2. Discussion of the Related Art
An oscillator circuit produces a repetitive electronic signal. Oscillator circuits are widely used in countless applications. In particular, oscillator circuits may be used in circuits that recover a CAN bus clock. CAN is a multi-master broadcast serial bus standard for connecting electronic circuit devices such as sensors, actuators, and other control devices.
In a CAN network, no clock is sent during data transmission. CAN nodes monitor the CAN bus and handle the bit timing logic (BTL) related to transmission and reception of data. CAN nodes utilize oscillator circuits to recover a CAN bus clock and data.
Evolving standards of the CAN bus, such as HS-CAN, may require CAN bus monitoring with higher accuracy (e.g., 4.5%) and may also increase the frequency of the bus. For example, HS-CAN introduces wake-up frames used to change nodes from a low-power state to an active state. Accurate monitoring is necessary in order to avoid errors such as missing a request to transition from a low-power state to an active state. Further, HS-CAN bus monitoring may increase an oscillator frequency requirement (e.g., 16 MHz).
In order to achieve accurate monitoring, conventional circuits that need to meet high accuracy monitoring requirements may oversample the incoming serial data. The stream may then be evaluated for data transition locations, and valid data bits may then be extracted from the oversampled data. In conventional CAN controller circuits, BTL is generally known to oversample with a frequency much higher than a baud rate in use. In order to oversample, a clock with multiple frequencies much higher than that of the CAN bus is needed.
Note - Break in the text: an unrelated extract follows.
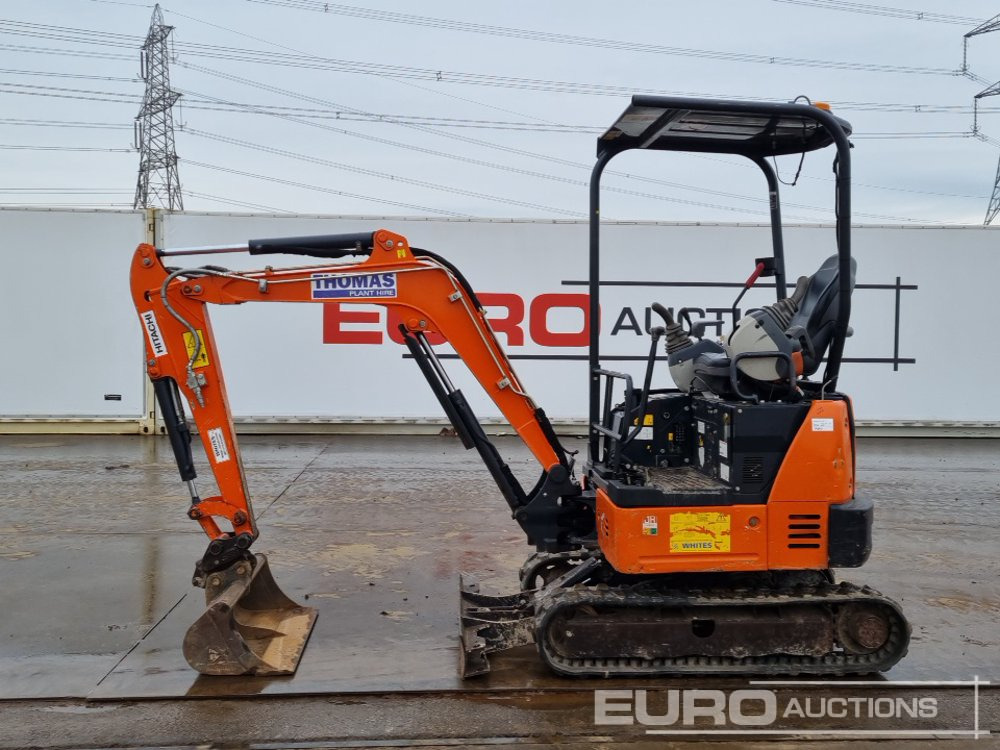 2019 Hitachi ZX19U-5A YR - Mini pelle: photos 2 2019 Hitachi ZX19U-5A YR - Mini pelle: photos 2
In order to achieve high accuracy, conventional CAN nodes may incorporate high precision oscillators. Such high precision oscillators may be configured to operate at frequencies considerably higher than the data rate of the CAN bus. High precision oscillators (e.g., quartz, ceramic resonant, etc.) may introduce a higher cost. In addition, operating oscillator circuits at higher frequencies in order to oversample the data is generally known to increase current consumption requirements. Higher current consumption is generally known to be a critical parameter, particularly in HS-CAN transceivers that implement selective wake.